Objective: To evaluate the role of serum Sema 5A, Anu A and ferritin in detection of SLE activity.
Methods: The present study included 40 patients with SLE divided according to Systemic Lupus Erythematous Disease Activity Index (SLEDAI) into two groups: 20 active SLE and 20 inactive SLE patients. They were compared with 20, sex and age matched healthy individuals for control. Levels of Sema 5A, Anu A were measured by Enzyme- Linked Immunosorbent Assay (ELISA) and serum ferritin levels were measured by Electrochemiluminescence immunoassay (ECLIA).

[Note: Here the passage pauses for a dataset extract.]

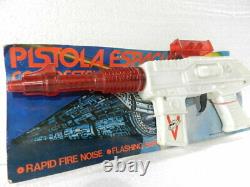 Vintage V Visitor Space Gun Pistol 1980's Rare
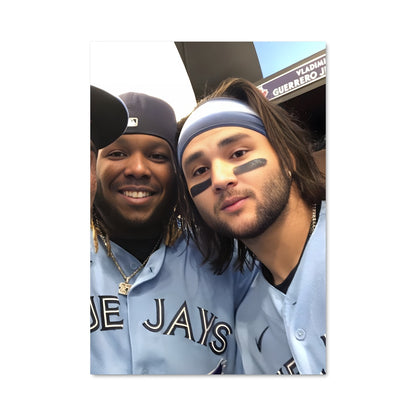 Poster Les As du Baseball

Results: There was highly significant increase in Sema 5A, Anu A and ferritin levels inactive when compared within active SLE patients and control subjects (P=0.000 and P=0.000 and P=0.000 respectively). There was a significant increase in ferritin level in inactive SLE patients when compared with control subjects (P=0.045) with no significant difference regarding Sema 5A, Anu A (P3=0.089 and 0.225 respectively). There were positive correlations between Sema 5A, Anu A, ferritin and each of SLEDAI, and CRP. Positive correlation also found between Sema 5A and each of Anu A and ferritin and between AnuA and ferritin. Negative correlation was found between Sema 5A and C3 and between Anu A, ferritin and C4. Significant relation was found between Sema 5A, Anu A, ferritin and each of ANA and anti-dsDNA in active SLE patients. Area under the curve (AUC) for ferritin, Sema 5A and Anu A were (0.861, 1.0 and 1.0 respectively).
Conclusion: Our study showed that the serum proteins semaphorin 5A, antinuclosome antibodies and ferritin may be useful markers in monitoring disease activity in patients with SLE. Regarding area under the curve (AUC), these serum protein markers result in even better sensitivity and specificity profiles in picking up early relapse of SLE.